Grandi momenti nella storia dell’imperialismo – Moderazione: virtù o vizio? – Mangia i ricchi. Condividi le tue ricette

Grandi momenti nella storia dell’imperialismo

Il corrispondente estero della National Public Radio Loren Jenkins, che lavora nell’ufficio di Baghdad della NPR, ha incontrato all’inizio di questo mese un religioso sciita di alto grado, un uomo che nel servizio della NPR veniva descritto come “un moderato” e come una persona che cercava di guidare i suoi seguaci sciiti nella pratica della pace e della riconciliazione. Era stato incarcerato da Saddam Hussein e costretto all’esilio.
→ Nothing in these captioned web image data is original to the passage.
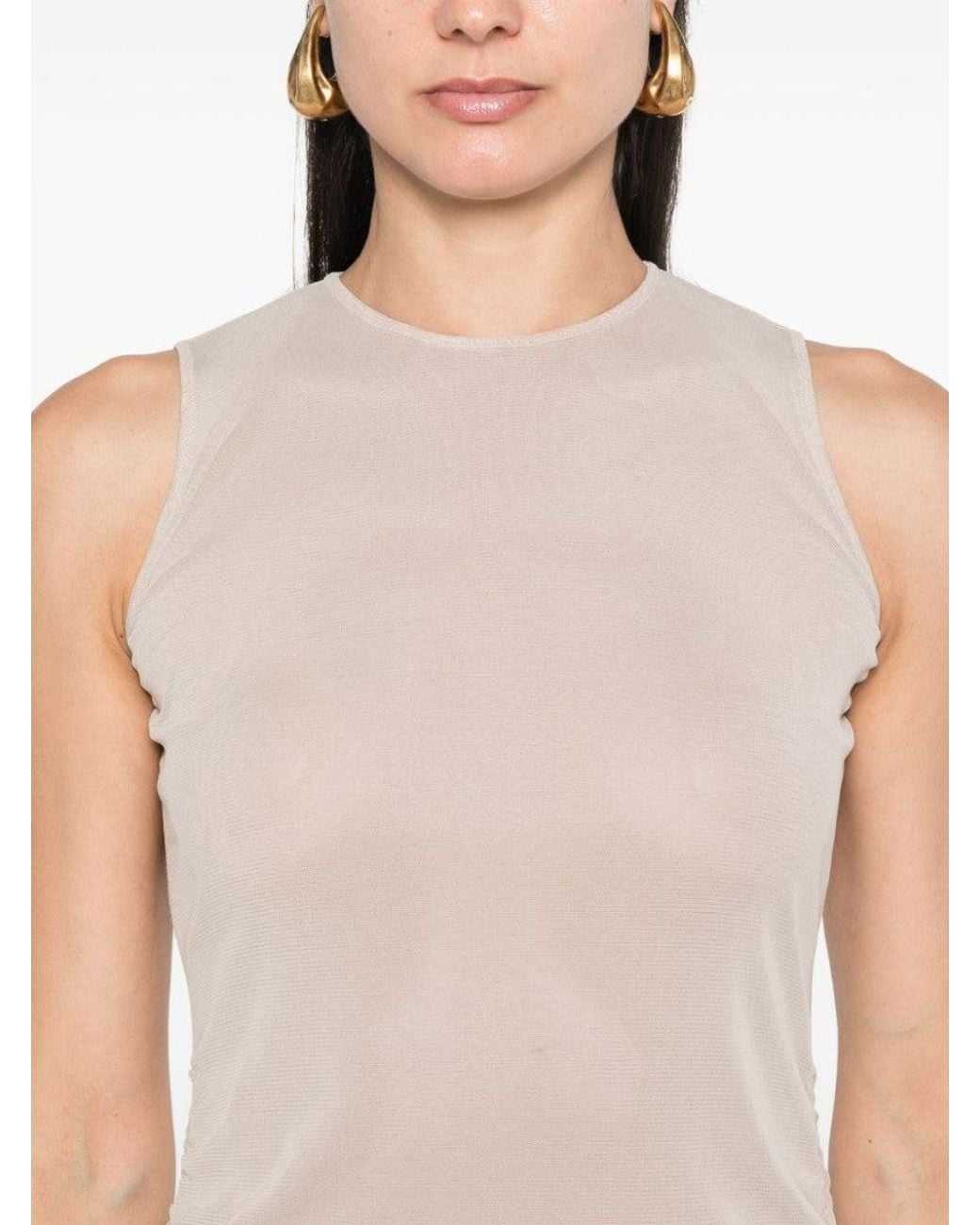 Saint Laurent Natural Stretch Tulle Short Dress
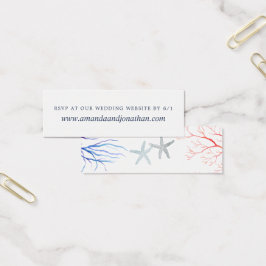 水の色のビーチ結婚式の返信WebサイトRSVP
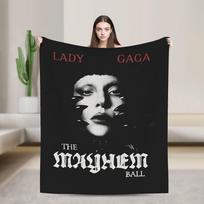 Lady Gaga The Mayhem Ball Tour 202 Blankets Quality Super Soft Bedding Throws Autumn Decorative Home Decor Graphic Bedspread Size: 75*100cm, Weight: 230 GSM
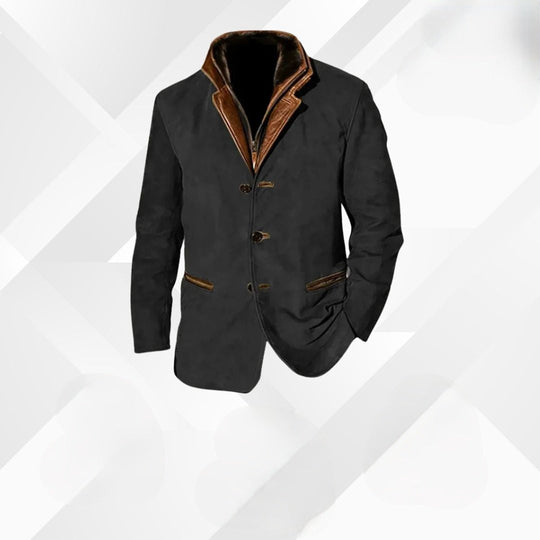 Men's Suit Jacket with Lapel and Two-Button Closure | Ideal for Autumn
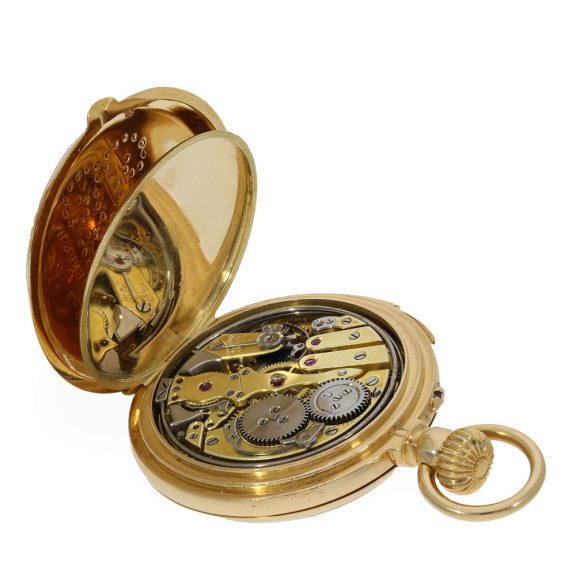 French 18K gold hunting cased repeating precision watch Circa 1875 French 18K gold hunting cased repeating precision watch Circa 1875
Jenkins gli ha chiesto: “Lei cosa penserebbe se dovesse ritornare a Saddam Hussein?” Il religioso ha risposto che avrebbe preferito “vedere l’Iraq sotto Saddam Hussein piuttosto che come è adesso.” [1]Quando uno considera cosa la popolazione dell’Iraq ha subito come risultato dei bombardamenti, dell’invasione, del cambiamento di regime e dell’occupazione americana dopo il 2003, questo atteggiamento dovrebbe essere sorprendente, perfino in un individuo del genere? Sono stato spinto a compilare un elenco dei molti generi di sventure che si sono abbattute sul capo del popolo iracheno come risultato della liberazione americana della loro patria. È una lettura deprimente, e potreste non volerla leggere affatto, ma penso sia importante averla riassunta in un solo testo.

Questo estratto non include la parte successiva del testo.